"""Transcorrelated Hamiltonian construction.
Transcorrelated methods incorporate short-range electron correlation
into the Hamiltonian through a similarity transformation:
H̃ = e^{-t} H e^{t}
where t is a correlation factor (Jastrow factor). The resulting
transcorrelated Hamiltonian has:
* Modified one-body terms (kinetic energy picks up three-body
contributions from commutation with t).
* Modified two-body terms (electron repulsion is screened at short range).
* Three-body terms (arise from double commutators [t,[T,t]]
and [t,[V,t]]).
In the normal-ordered two-body approximation (NO2B), the three-body
terms are approximately folded into lower-rank contributions, making
the problem tractable with standard two-body solvers.
This module:
1. Accepts a correlation factor e^{t} parameterisation.
2. Builds the similarity-transformed Hamiltonian through O(t^2).

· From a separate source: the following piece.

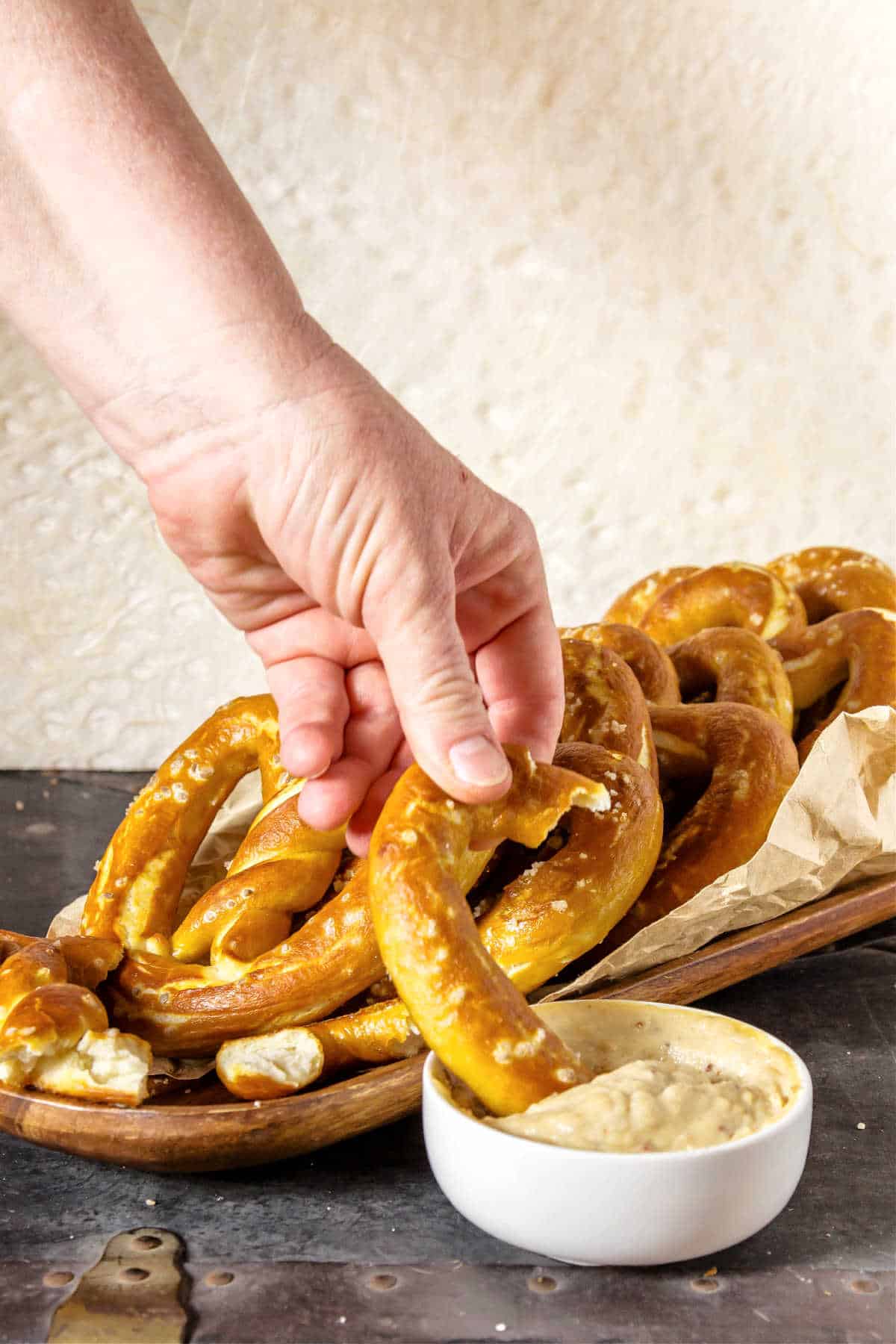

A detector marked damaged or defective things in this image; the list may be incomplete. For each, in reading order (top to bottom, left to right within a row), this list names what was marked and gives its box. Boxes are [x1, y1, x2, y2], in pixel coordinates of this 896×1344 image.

rusty metal surface [48, 1231, 187, 1344]
rusty metal surface [1, 780, 896, 1344]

3. Applies the NO2B approximation.
4. Outputs a :class:`Hamiltonian` ready for consumption by CI/DMRG.
Key diagnostic: the resulting Hamiltonian is generally non-Hermitian.

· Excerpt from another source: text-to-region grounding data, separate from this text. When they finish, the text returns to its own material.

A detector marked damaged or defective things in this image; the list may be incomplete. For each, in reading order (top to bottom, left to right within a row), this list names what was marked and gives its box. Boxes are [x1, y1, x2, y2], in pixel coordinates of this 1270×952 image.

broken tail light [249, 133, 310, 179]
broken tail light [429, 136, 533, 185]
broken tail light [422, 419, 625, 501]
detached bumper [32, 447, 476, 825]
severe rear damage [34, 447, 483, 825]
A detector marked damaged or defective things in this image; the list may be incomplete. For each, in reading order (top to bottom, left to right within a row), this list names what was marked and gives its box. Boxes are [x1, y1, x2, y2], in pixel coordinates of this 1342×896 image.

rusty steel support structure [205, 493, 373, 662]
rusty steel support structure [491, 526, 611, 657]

We report the Hermitian and anti-Hermitian parts separately, and the
backend solver should be configured to handle non-Hermitian matrices
(e.g., via bi-orthogonal Davidson).
References
----------
* Boys & Handy, *Proc. R. Soc. A* 309, 209 (1969).
* Ten-no, *Chem. Phys. Lett.* 330, 169 (2000).
* Yanai & Shiozaki, *J. Chem. Phys.* 136, 084107 (2012).
* Baiardi & Reiher, *J. Chem. Phys.* 155, 164101 (2021) -- QCMaquis 4.0 TC.
"""
from __future__ import annotations
import warnings
from dataclasses import dataclass, field
from typing import Optional
import numpy as np
from ._common import Hamiltonian, _antisymmetrize_h2e
@dataclass
class TCDiagnostics:
"""Diagnostics for a transcorrelated Hamiltonian transformation."""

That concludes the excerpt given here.